Their next offering is the Sherman Edwards (music and lyrics) and Peter Stone (book) musical about American independence, 1776. This is a wonderful musical: powerful, funny, patriotic, tense, and melodic. Edwards’s score is bright, memorable, intelligent, and witty, tipping its hat to Gilbert & Sullivan and maybe just a touch of George M. Cohan spirit. Peter Stone’s equally strong book is often referenced as one of the great librettos of musical theatre, capable of standing on its own without the score, but made all the more affecting with it. Stone somehow manages to convince an audience that an outcome we already know (American independence from Great Britain), is an uncertainty as our founding fathers debate and make trade-offs for a formal declaration to be ratified. Even down to the last moments, it is uncertain if the resolution will pass, and Stone’s book builds skillfully toward the prospect that it won’t. This is well-crafted musical theatre.
The original Broadway production of 1776 won the Tony Award for Best Musical and ran 1,217 performances (a pretty good run for 1969). A faithful but somewhat bland film adaptation was made of the show in 1972 featuring many performers from the original Broadway cast, including the unforgettable William Daniels as the obnoxious and disliked John Adams, who also happened to be the most unstoppable force behind independence. In 1997, Roundabout Theatre Company revived 1776 and that production ran for 333 performances. The musical continues to be produced by summer stocks, community theatres, colleges, and professional theatres around the country and 1776 has earned the recognition as a staple of the American Musical Theatre canon.
So I am calling “shenanigans” that 1776 is a “rarely-heard work.” In fact, do a search of summer stock theatre somewhere around The Fourth of July and you will find many-a-venue producing this show, capitalizing on marrying its patriotic themes with America’s big holiday. This musical just doesn’t seem to fit the Encores! criteria. It is true that the other half of City Center’s explanation of their purpose is that Encores! “gives three glorious scores the chance to be heard as their creators originally intended” which indicates that we will hear the score with full orchestrations. This will be a treat, because we seldom hear classic musicals with their full orchestrations anymore (a travesty of the contemporary state of theatre production). 1776, with its rich orchestrations including fife, drum, and strings will be heard in all of its glory. For this alone I am willing to excuse this step outside of their complete criteria and celebrate their choice to present this as one of their 2016 season offerings.

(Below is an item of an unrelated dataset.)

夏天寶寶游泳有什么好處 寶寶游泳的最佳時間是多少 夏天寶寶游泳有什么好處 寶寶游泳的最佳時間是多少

It has also been announced that the 1776 concert will feature non-traditional casting. A talented ensemble of culturally diverse performers has already been assembled that promises to make the concert a highlight of the year. There is nothing wrong with this. A talented actor is a talented actor, no matter what the color of their skin or cultural heritage and this production of 1776 will most certainly be a true celebration of American diversity. I do get the feeling, however, that this has been orchestrated to have the production imitate Hamilton’s revolutionary, boundaries-busting approach to re-imagining American history with overdue inclusivity. I can see the inclination for City Centers to want to draw parallels with Broadway’s hottest ticket (founding fathers, multicultural casting) and I think it makes sense.
A series like Encores! undoubtedly has bills to pay in order to make truly rare productions like Cabin in the Sky or Do I Hear A Waltz (following 1776) happen. Though I have called “shenanigans” this time around for 1776 due to its more frequently produced status, if a more popular title gets people into the seats, helping to fund the preservation of titles that need the services of Encores!, I can entirely get onboard. Let’s just not call 1776 a “rarely-heard work.”